(PROVIDED DATA begins)

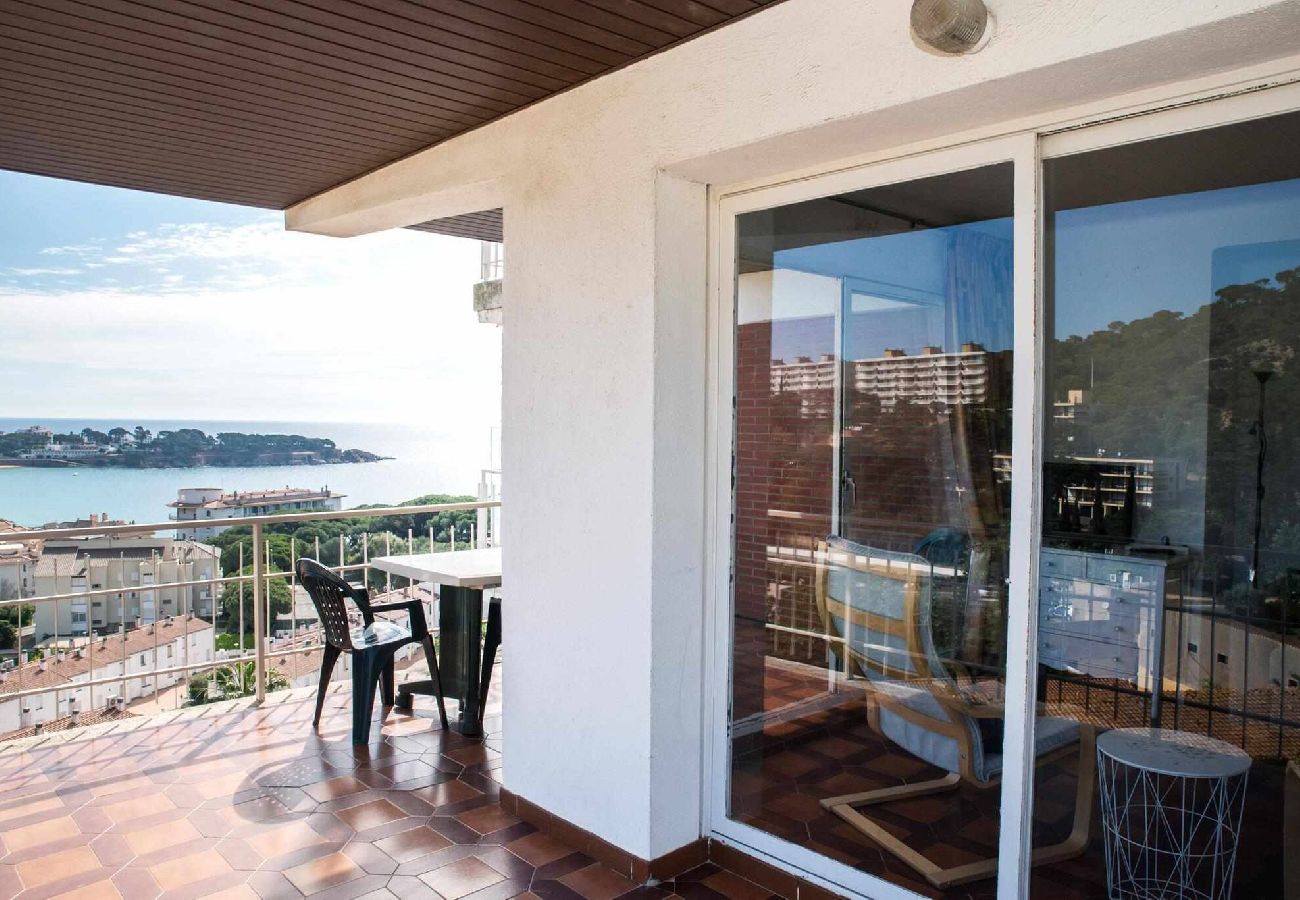 Apartment in Sant Feliu de Guixols - 38.80 S'Agaró Caleta Sol 908II Apt con vista al ma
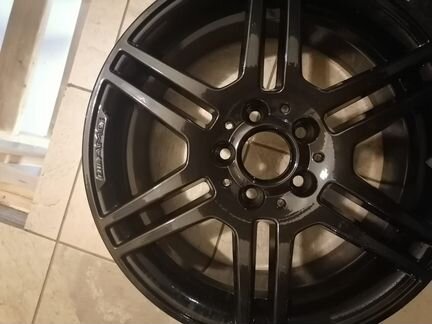 Диски AMG на Mercedes C класса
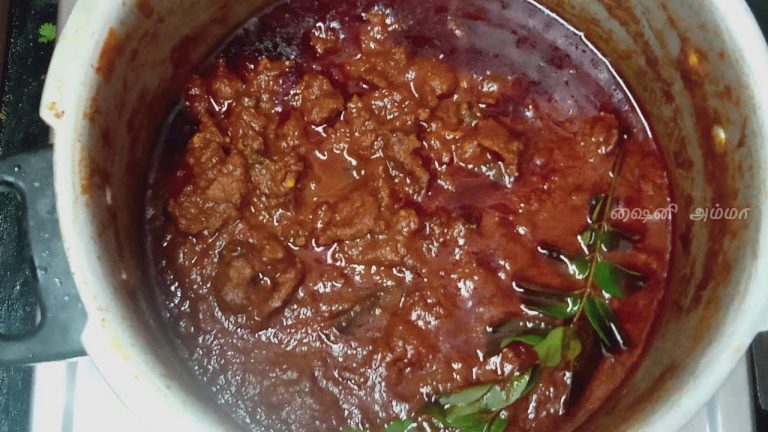 Beef Kulambu Seivathu Eppadi | தேங்காய் வறுத்து அரைத்த பீப் குழம்பு | Beef Curry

(PROVIDED DATA ends)

> **THE PROBLEM**
Only the pictures are dropped when you print the material; everything else is copied exactly.

> **SOLUTION FOR THIS EXERCISE**
 Apartment in Sant Feliu de Guixols - 38.80 S'Agaró Caleta Sol 908II Apt con vista al ma
 Диски AMG на Mercedes C класса
 Beef Kulambu Seivathu Eppadi | தேங்காய் வறுத்து அரைத்த பீப் குழம்பு | Beef Curry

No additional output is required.